§ **What the task requires**: The answer is an exact repeat of the entries below, with the pictures omitted.

§ **Data records**:

- Opening Delimiter -

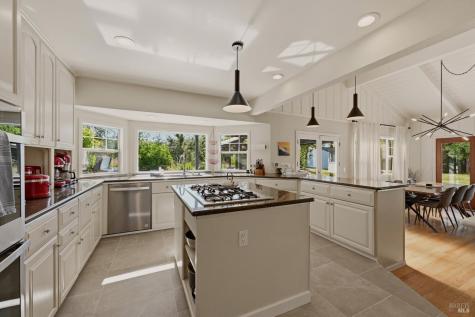 8174 Whited Road Sebastopol CA 95472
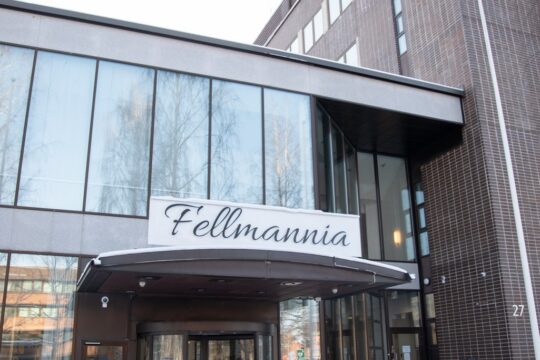 Fellmannia, sisäänkäynti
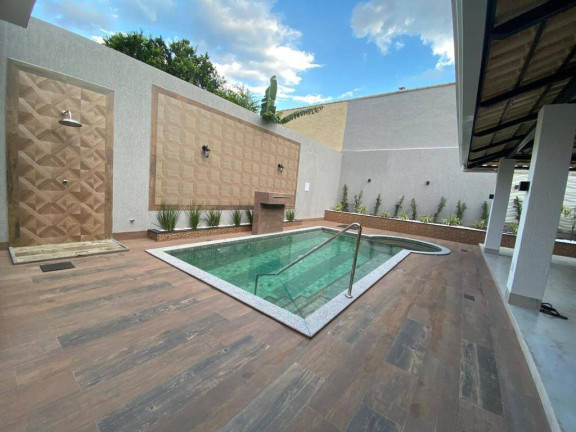 Imagem Casa com 3 Quartos à Venda, 290 m² em Bandeirante - Caldas Novas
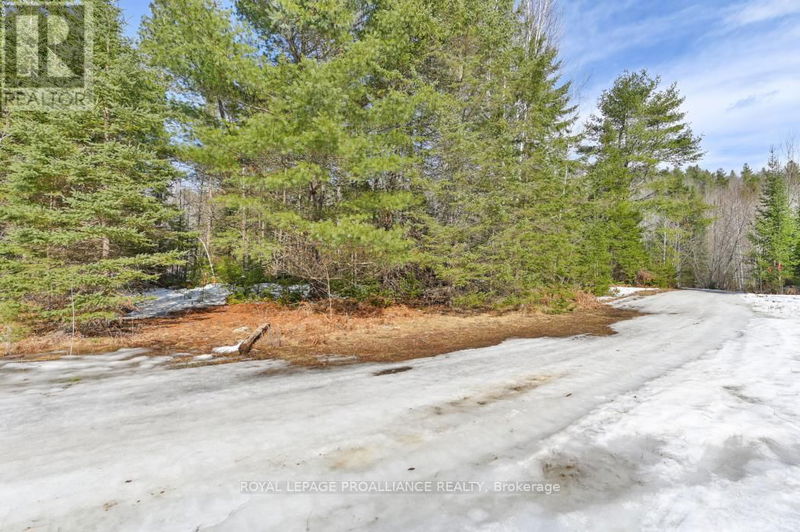 00 Redford Drive  Addington Highlands, K0H1L0 | Image 7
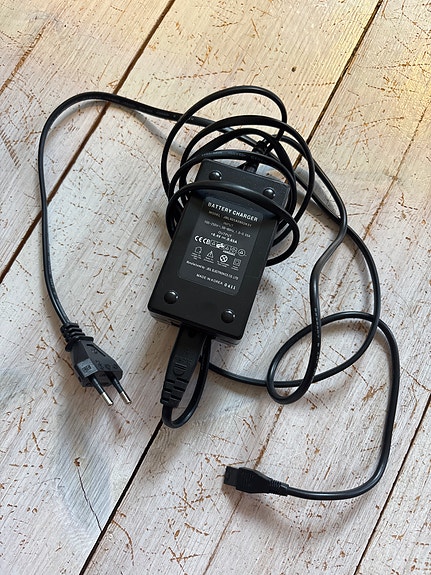 Hirobo Lithium polymer battery charger 7.4v laturi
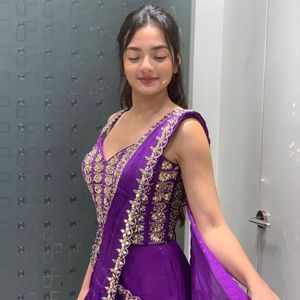 Sari tradicional de crepé de seda listo para usar con bordados y lentejuelas, con blusa cosida, precio al por mayor por Royal Export. - Product Image 6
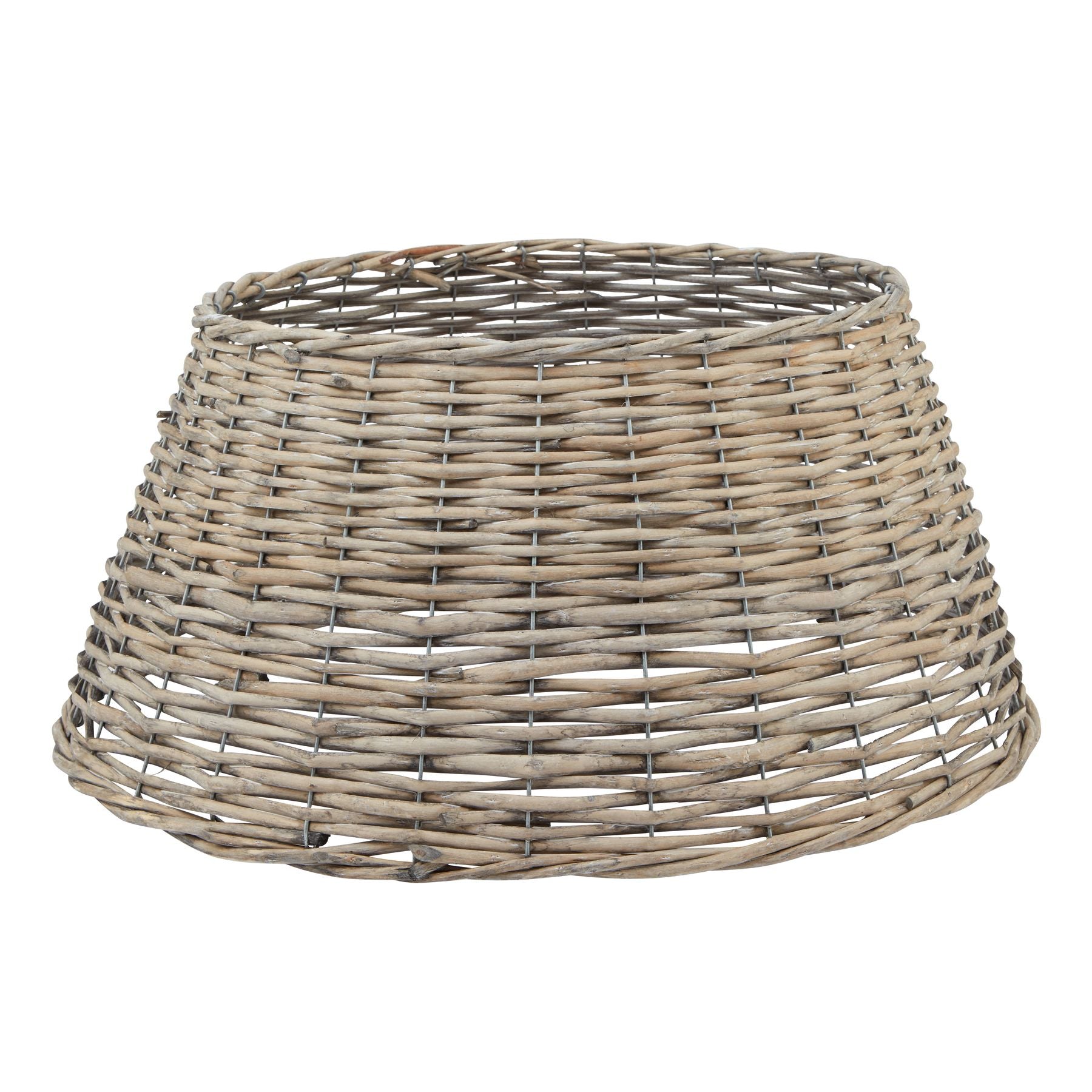 Roma Wicker Tree Skirt
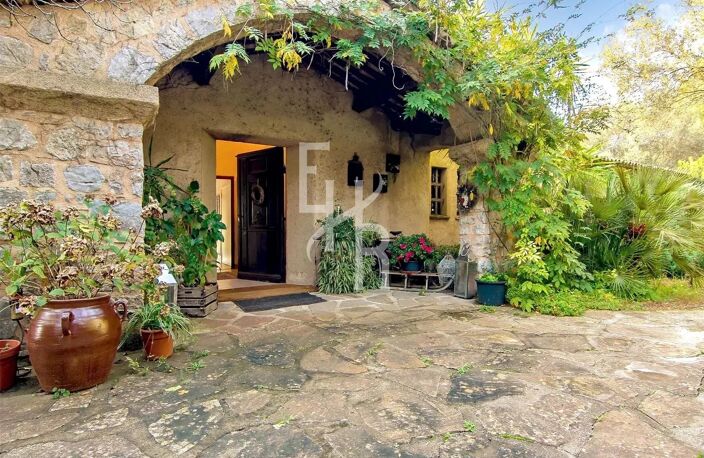 Mougins, à vendre propriété de caractère avec piscine — photo 2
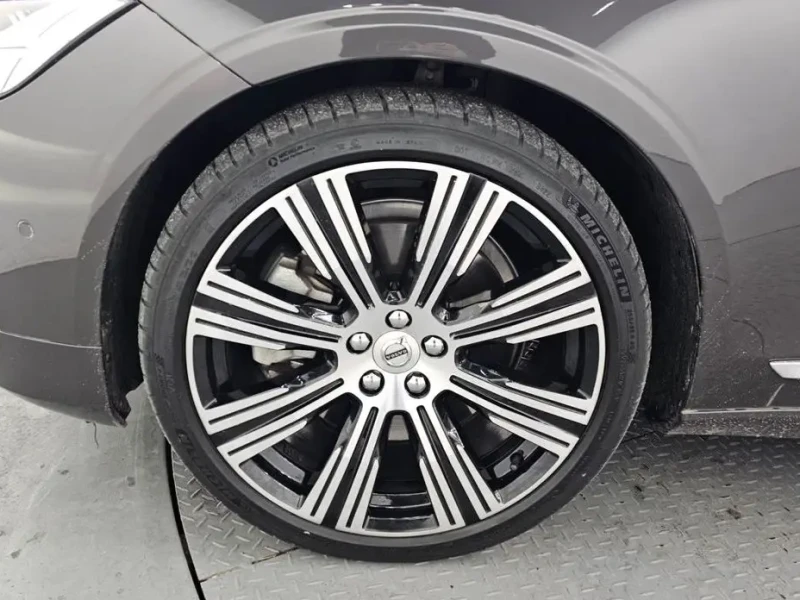 2022 Volvo S90 с пробегом 41 806 км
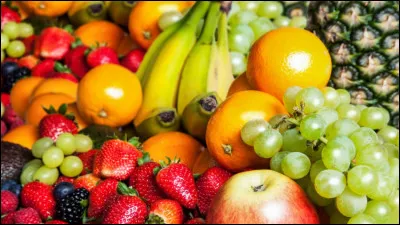 Tu consommes des fruits...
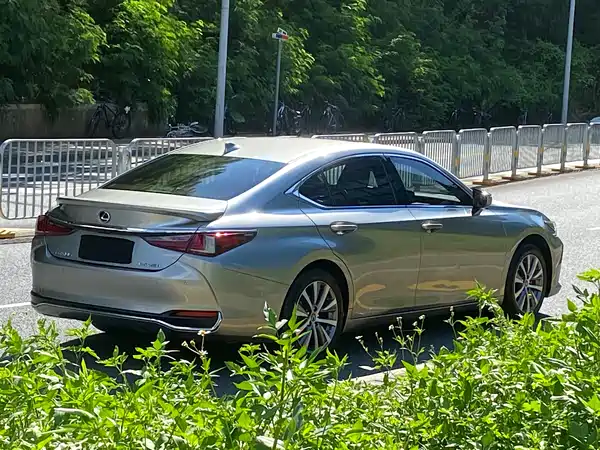 Lexus ES 2021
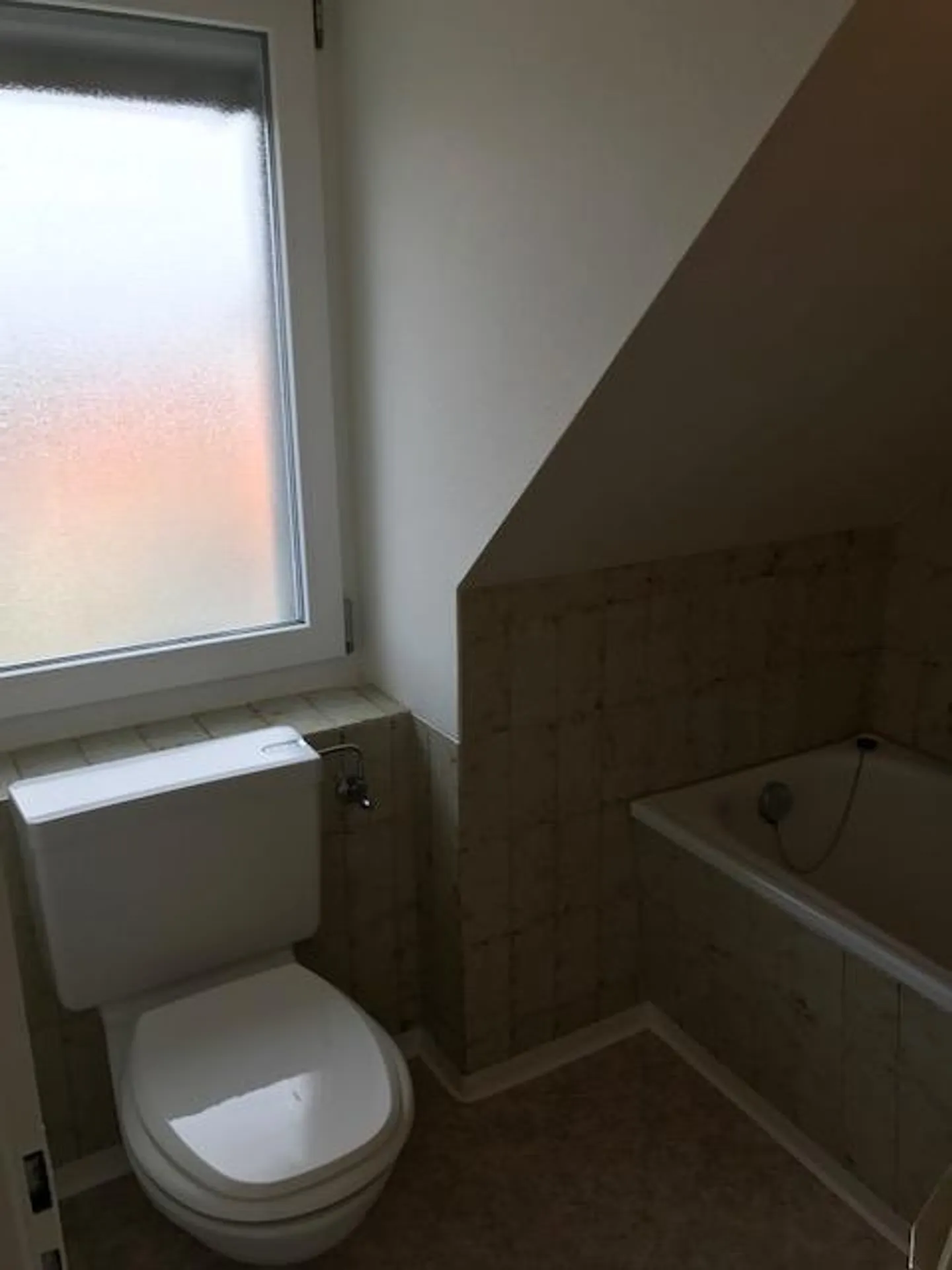 Appartamento mansardato di 2 stanze - Foto 3 di 8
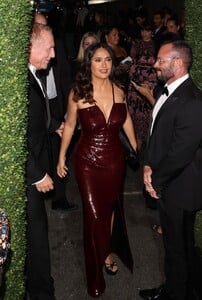 salma-hayek-at-kering-foundation-s-caring-for-women-dinner-in-new-york-09-12-2023-0.jpg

- Closing Delimiter -

§ **Completed task**:
 8174 Whited Road Sebastopol CA 95472
 Fellmannia, sisäänkäynti
 Imagem Casa com 3 Quartos à Venda, 290 m² em Bandeirante - Caldas Novas
 00 Redford Drive  Addington Highlands, K0H1L0 | Image 7
 Hirobo Lithium polymer battery charger 7.4v laturi
 Sari tradicional de crepé de seda listo para usar con bordados y lentejuelas, con blusa cosida, precio al por mayor por Royal Export. - Product Image 6
 Roma Wicker Tree Skirt
 Mougins, à vendre propriété de caractère avec piscine — photo 2
 2022 Volvo S90 с пробегом 41 806 км
 Tu consommes des fruits...
 Lexus ES 2021
 Appartamento mansardato di 2 stanze - Foto 3 di 8
 salma-hayek-at-kering-foundation-s-caring-for-women-dinner-in-new-york-09-12-2023-0.jpg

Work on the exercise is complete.